(Scraped caption text data)
:::::

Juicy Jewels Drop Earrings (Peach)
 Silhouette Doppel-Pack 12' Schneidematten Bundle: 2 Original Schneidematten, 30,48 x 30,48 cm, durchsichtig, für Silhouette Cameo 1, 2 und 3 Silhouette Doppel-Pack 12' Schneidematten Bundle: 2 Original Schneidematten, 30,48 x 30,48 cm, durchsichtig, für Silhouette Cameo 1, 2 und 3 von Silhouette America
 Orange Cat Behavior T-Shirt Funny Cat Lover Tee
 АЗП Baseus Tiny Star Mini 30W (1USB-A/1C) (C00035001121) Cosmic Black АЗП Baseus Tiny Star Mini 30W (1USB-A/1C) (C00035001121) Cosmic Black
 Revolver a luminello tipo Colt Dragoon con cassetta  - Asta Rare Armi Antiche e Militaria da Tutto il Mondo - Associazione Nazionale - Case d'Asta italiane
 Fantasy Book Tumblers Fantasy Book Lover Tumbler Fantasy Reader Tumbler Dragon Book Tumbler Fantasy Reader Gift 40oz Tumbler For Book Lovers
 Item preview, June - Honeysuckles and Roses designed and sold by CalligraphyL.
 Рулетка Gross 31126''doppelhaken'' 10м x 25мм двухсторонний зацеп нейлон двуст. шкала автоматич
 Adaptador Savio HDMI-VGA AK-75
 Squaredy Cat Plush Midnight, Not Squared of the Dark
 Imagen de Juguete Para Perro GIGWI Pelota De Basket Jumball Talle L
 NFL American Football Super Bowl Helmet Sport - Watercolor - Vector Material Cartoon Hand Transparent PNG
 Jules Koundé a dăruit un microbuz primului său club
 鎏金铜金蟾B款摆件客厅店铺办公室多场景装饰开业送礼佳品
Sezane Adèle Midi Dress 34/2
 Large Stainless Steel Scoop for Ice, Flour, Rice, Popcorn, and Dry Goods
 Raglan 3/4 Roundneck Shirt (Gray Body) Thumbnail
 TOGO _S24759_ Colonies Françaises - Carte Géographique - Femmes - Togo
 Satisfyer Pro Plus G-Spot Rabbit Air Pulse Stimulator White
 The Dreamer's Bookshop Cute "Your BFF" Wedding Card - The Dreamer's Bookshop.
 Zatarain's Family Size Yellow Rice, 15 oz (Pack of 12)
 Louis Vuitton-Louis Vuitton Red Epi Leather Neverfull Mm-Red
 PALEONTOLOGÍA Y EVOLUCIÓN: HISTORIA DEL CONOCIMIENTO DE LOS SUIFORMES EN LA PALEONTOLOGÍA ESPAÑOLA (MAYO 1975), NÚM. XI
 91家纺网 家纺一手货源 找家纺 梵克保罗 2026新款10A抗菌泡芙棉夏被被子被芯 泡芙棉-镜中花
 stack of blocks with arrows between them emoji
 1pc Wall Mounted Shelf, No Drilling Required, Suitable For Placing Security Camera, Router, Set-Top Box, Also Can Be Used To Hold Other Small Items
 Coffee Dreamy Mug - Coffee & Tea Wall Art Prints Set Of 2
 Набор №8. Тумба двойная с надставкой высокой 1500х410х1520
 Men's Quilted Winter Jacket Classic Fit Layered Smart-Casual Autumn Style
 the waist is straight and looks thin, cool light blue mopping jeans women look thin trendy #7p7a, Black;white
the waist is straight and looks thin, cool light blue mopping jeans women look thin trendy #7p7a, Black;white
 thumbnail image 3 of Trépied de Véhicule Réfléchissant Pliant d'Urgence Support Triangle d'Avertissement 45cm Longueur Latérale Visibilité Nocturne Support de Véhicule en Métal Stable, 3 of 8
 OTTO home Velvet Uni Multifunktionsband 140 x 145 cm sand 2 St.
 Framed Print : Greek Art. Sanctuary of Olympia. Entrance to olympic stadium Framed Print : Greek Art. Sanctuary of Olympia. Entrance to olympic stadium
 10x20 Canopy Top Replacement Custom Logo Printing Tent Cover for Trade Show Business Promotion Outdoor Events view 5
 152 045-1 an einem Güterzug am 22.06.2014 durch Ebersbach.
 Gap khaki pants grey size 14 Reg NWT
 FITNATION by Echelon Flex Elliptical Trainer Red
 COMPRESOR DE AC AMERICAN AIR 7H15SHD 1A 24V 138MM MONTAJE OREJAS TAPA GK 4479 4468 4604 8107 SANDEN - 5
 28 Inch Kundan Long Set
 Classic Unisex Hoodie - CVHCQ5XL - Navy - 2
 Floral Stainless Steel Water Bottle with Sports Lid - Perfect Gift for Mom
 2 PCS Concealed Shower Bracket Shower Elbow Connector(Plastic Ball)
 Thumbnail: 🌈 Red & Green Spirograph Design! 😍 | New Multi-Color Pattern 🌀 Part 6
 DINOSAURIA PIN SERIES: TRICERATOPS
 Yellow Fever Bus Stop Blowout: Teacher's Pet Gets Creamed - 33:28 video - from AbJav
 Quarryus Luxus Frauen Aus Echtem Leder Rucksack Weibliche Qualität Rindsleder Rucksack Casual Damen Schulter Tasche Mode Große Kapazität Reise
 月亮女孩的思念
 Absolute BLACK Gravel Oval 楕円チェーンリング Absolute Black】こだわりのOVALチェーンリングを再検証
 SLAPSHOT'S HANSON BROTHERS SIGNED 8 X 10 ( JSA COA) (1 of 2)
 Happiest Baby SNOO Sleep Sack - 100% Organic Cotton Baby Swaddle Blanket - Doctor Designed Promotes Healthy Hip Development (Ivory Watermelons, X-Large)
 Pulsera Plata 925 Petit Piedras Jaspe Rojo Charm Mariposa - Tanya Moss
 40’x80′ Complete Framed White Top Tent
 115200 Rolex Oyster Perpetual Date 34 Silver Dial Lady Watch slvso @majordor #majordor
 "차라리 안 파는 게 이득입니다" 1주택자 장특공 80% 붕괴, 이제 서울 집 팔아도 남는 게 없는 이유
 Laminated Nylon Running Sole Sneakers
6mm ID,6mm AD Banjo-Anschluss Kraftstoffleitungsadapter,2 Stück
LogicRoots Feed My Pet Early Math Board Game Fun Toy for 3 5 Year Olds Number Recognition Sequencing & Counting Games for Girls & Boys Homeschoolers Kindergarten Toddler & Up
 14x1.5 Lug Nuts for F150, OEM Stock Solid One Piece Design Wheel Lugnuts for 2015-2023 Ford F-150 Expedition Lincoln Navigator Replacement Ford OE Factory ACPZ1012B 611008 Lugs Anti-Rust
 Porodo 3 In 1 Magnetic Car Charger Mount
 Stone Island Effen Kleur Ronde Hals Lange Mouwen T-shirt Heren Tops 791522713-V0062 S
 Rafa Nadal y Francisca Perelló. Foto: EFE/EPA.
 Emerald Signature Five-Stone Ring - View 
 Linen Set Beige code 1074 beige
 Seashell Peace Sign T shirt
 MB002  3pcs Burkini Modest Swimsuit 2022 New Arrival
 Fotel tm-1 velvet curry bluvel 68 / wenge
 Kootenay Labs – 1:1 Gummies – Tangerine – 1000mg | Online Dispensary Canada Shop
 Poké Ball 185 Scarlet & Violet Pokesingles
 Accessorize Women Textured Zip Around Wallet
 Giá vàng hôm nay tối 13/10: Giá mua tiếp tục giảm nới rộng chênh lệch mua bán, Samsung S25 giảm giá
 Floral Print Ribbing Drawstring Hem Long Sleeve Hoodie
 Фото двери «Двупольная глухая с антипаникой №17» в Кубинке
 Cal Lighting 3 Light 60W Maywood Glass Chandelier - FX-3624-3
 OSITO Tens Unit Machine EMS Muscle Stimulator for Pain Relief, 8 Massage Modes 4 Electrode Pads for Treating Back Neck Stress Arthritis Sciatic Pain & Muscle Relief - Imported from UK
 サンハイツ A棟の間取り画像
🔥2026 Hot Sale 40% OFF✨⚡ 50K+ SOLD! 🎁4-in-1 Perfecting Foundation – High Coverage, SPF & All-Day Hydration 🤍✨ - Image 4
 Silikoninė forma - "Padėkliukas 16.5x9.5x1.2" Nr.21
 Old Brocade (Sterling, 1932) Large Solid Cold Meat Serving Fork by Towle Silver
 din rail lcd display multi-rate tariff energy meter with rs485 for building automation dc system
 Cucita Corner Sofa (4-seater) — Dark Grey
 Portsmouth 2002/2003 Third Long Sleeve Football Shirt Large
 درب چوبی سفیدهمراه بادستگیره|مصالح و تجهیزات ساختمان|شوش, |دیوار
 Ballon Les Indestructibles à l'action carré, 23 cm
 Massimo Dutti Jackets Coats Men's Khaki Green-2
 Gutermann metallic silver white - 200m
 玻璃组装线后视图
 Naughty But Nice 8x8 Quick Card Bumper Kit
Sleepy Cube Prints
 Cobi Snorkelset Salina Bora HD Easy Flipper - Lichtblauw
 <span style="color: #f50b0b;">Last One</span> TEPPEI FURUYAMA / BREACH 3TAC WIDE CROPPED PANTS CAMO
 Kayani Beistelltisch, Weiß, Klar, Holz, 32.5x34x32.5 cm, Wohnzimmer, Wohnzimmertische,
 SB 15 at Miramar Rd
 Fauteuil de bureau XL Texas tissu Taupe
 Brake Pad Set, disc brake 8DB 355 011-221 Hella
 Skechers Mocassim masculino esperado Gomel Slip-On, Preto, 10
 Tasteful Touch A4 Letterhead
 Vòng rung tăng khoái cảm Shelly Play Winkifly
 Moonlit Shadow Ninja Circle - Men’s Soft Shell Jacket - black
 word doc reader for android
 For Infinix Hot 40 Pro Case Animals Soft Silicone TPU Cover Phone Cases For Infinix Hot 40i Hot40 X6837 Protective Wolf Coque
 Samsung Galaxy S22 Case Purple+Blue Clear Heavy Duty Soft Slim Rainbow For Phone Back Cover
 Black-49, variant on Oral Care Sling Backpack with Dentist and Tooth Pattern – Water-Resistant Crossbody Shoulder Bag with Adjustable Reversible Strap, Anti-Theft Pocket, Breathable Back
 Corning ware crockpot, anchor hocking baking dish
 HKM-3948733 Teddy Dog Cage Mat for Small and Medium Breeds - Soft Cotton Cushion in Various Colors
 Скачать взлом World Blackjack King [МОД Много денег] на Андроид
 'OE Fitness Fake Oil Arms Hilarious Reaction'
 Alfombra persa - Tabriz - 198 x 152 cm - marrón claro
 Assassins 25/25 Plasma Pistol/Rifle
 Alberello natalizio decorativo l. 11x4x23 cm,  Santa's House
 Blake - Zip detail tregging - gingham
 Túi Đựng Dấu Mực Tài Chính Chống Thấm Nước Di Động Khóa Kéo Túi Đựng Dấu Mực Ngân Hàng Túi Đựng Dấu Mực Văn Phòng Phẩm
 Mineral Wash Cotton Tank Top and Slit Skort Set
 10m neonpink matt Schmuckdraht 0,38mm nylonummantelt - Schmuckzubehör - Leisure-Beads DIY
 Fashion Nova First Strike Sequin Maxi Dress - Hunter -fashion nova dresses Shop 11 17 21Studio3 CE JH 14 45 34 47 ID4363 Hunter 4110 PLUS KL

:::::

### EXERCISE
Which lines above contain the word "Yellow"? Copy all of them.

### ANSWER SPACE
 Zatarain's Family Size Yellow Rice, 15 oz (Pack of 12)
 Yellow Fever Bus Stop Blowout: Teacher's Pet Gets Creamed - 33:28 video - from AbJav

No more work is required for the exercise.